UNITED STATES DISTRICT COURT FOR THE MIDDLE DISTRICT OF TENNESSEE NASHVILLE DIVISION
Jan 26, 2012
Case No. 3:11-cv-00188 (M.D. Tenn. Jan. 26, 2012)

Opinion

Case No. 3:11-cv-00188

01-26-2012

SAEID AZAMTARRAHIAN, Plaintiff, v. JOHN GRANT, FEDERAL BUREAU OF INVESTIGATION, and UNITED STATES DEPARTMENT OF JUSTICE Defendants.


Judge Campbell / Knowles

REPORT AND RECOMMENDATION


I. Introduction and Background

This matter is before the Court upon a Motion to Dismiss, or Alternatively, For Summary Judgment filed by Defendants Special Agent Grant, Federal Bureau of Investigation ("FBI"), and Department of Justice ("DOJ"). Docket No. 21. Along with their Motion, Defendants have contemporaneously filed a supporting Memorandum of Law (Docket No. 28); a Certification from United States Attorney Jerry Martin that Defendant Grant was acting within the scope of his employment as an employee of the United States at the time of the relevant incidents (Docket No. 23); and the Declarations of Defendant Grant (Docket No. 24), David Hardy (Docket No. 25), and Shawn Thomas (Docket No. 26).

Plaintiff has not filed a Response.

Plaintiff, pro se, filed the instant action alleging "violations of Plaintiff's Civil Rights, Racial Profiling, Intentional infliction of emotional/mental distress, Harassment, Negligent infliction of emotional/mental distress, Oppression, Intimidation, Discrimination, tort of outrage, Nonfeasance, neglect, abuse of discretion, Administrative Procedures Act, official misconduct, Freedom of Information Act." Docket No. 1. Plaintiff sues Special Agent Grant, FBI Nashville, FBI Headquarters, Jerry Martin, Eric Holder, and the DOJ. Id. Plaintiff seeks an Order requiring Defendants to answer the complaint; an award of "punitive damages and exemplary damages"; any and all statutory attorney fees, costs, and expenses; any "other relief as the Court deems just and proper"; an award of "nominal damages" and "trebel damages"; an Order requiring each Defendant to issue a formal hand-written apology to Plaintiff within 30 days of the judgment; the issuance of a Writ of Mandamus requiring Defendants to investigate his complaint, review the local investigation, and give Plaintiff a full and reasonable written response to his complaint within 30 days of the judgment; an Order requiring Defendants to release the name of the Agent within 30 days of the judgment; and an Order requiring Defendants to send all Plaintiff's requests to Plaintiff's address via United States First Class Postal mail with postage pre-paid by Defendants within 30 days of the judgment.
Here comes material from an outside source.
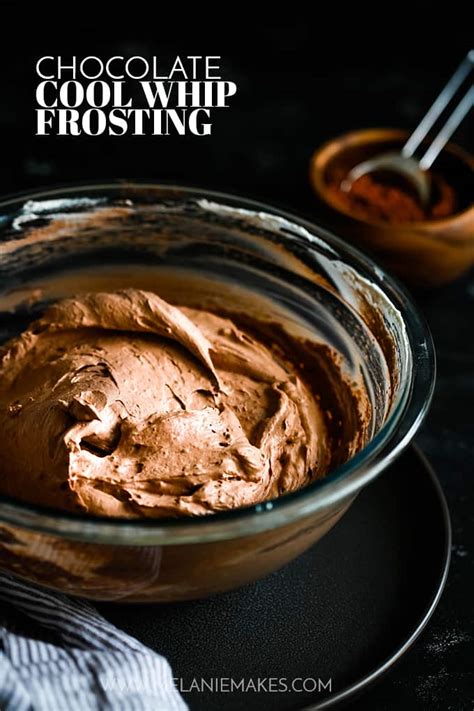 chocolate-cool-whip-frosting-melanie-makes image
Id.

Defendants Jerry Martin and Eric Holder were terminated as parties in this action in an Order entered March 9, 2011. Docket No. 4.
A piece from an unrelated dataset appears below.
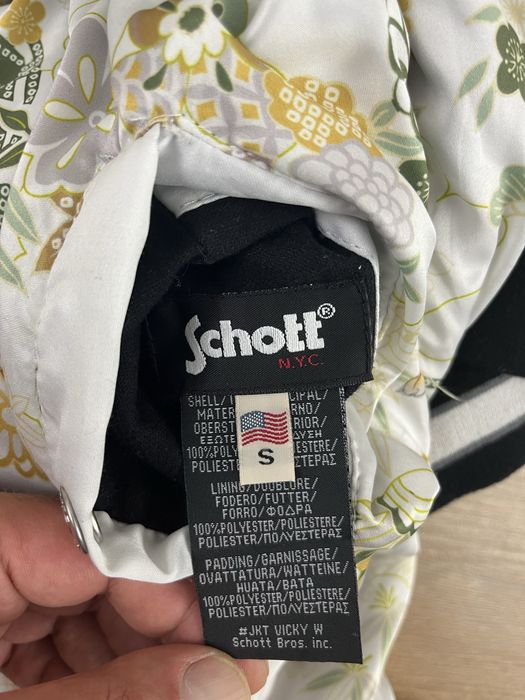 Schott двулицев дамски бомбър S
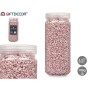 Dekorativa stenar Rosa 2 - 5 mm 700 g (12 antal)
Defendants argue that Plaintiff's Complaint should be dismissed with prejudice because: (1) Plaintiff's Complaint fails to state a claim upon which relief can be granted; (2) Plaintiff's tort claims must be dismissed because Defendant Grant was acting in the official scope of his federal employment, such that the only tort remedy available to Plaintiff would be under the Federal Tort Claims Act, which requires that Plaintiff exhaust his administrative remedies, and Plaintiff has not done; so (3) Plaintiff's official capacity constitutional claims against Defendants must be dismissed because such claims are actually claims against the United States, which has not waived its sovereign immunity from suits for damages based on assertions that its employee's conduct has violated the Constitution; (4) to the extent that Plaintiff's Complaint can be construed to allege a Bivens action against Defendant Grant in his individual capacity, that claim must fail as Defendant Grant has qualified immunity from suit; and (5) the references in the Complaint to the Freedom of Information Act and the Administrative Procedure act fail to allege sufficient facts to state a claim upon which relief can be granted, and fail as a matter of law. Docket No. 28.

For the reasons discussed below, the undersigned analyzes the pending Motion as a Motion to Dismiss, and recommends that Defendants' Motion to Dismiss be GRANTED.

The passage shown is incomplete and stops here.